1) It doesn't recognise Solaris partitions.  Naughty!
It sees them as Linux Swap which is fair enough given that
they have the same partition id, but then there is no way
to change the mount point from <swap> to <not set>.  I don't
want to overwrite Solaris data with Linux swap.  The current
workaround is to use a partition manager to fake the id of
the solaris partition as something else during the Linux

2) The installer refuses to show a Next button until a
swap partition is defined.  I don't want one since I have
128M RAM.  I use Solaris x86 fine without a swap partition!
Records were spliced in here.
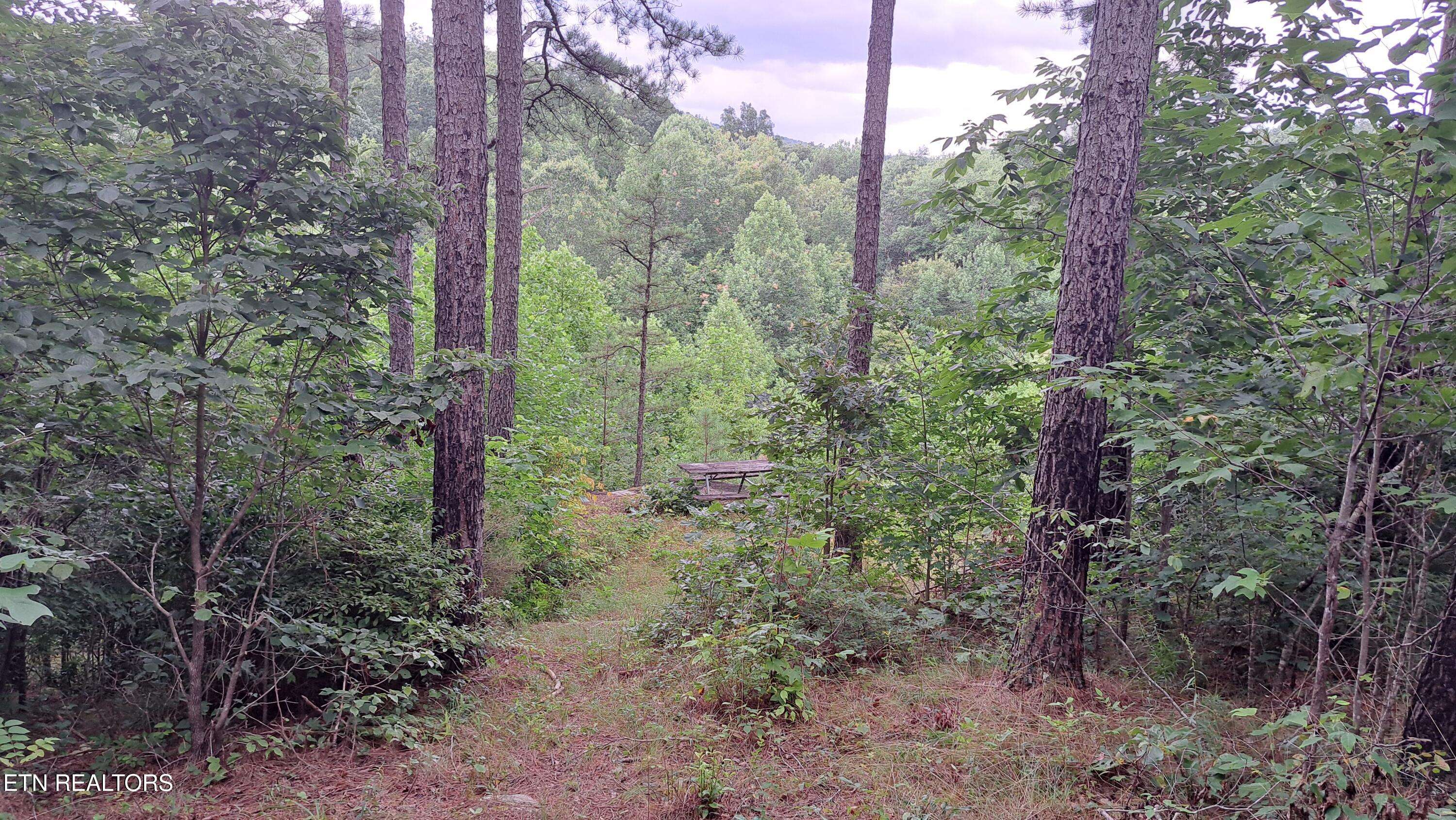 Crossville, TN 38572,899 Flat Rock Rd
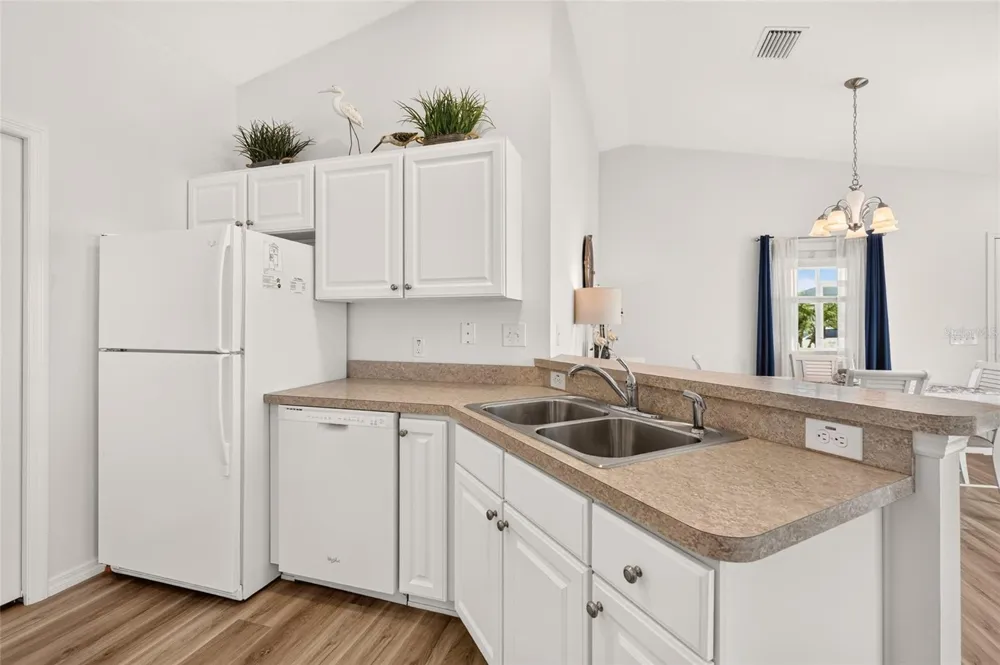 1380 ZEST AVENUE The Villages, FL 32163
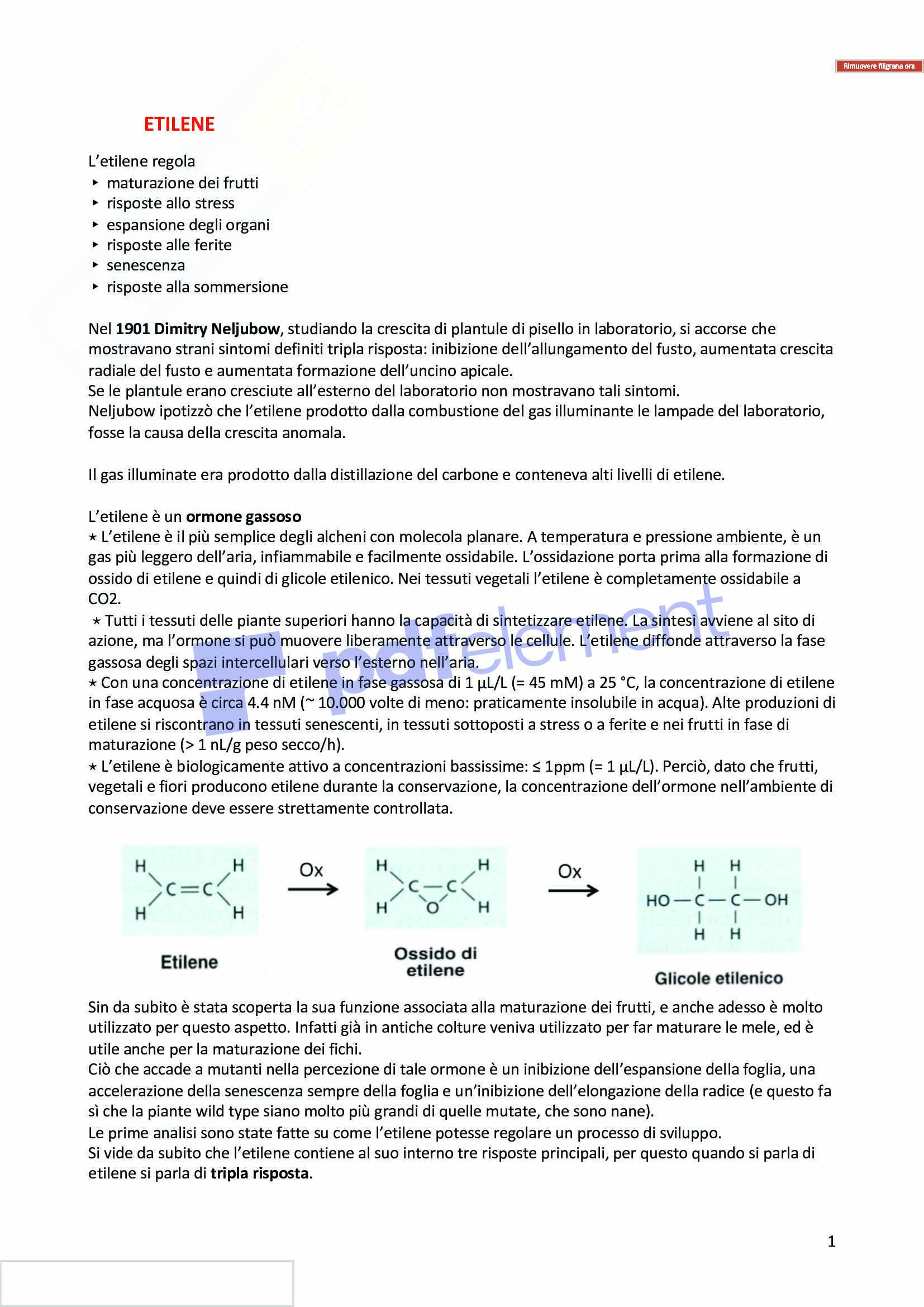 Etilene, brassinosteroidi e acido abscissico Pag. 1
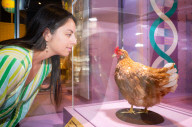 Future of Food - a major new exhibition at the Science Museum, Kensington, London, UK.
3) I can't define a root "/" partition greater than 1882M.
Why not?  It just complains "root partition too big".
Comment 1 Jay Turner 1999-10-20 10:54:59 EDT
We were hoping that we had fixed problem #1, but apparently we did
not.  Sorry about that . . . we will put it in the list for next

You should be able to install in expert mode (type "expert" at the
boot prompt) and that should allow you to get past the requirement of
having a swap partition.  The other option is to create a 1M swap
partition and just delete it after you reboot the machine (remember to
remove it from /etc/fstab as well)

Problem #3 is a confusing situation, but what is really happening is
that the installer is trying to tell you that the BIOS on your
computer will not allow booting from a partition which is not within
the first 1024 sectors of the drive.  The best way to get around this
it to create a small (16-32M) /boot partition and then create your
root partition.  With this setup, the installer will let you create as
large a root partition as your drives will handle.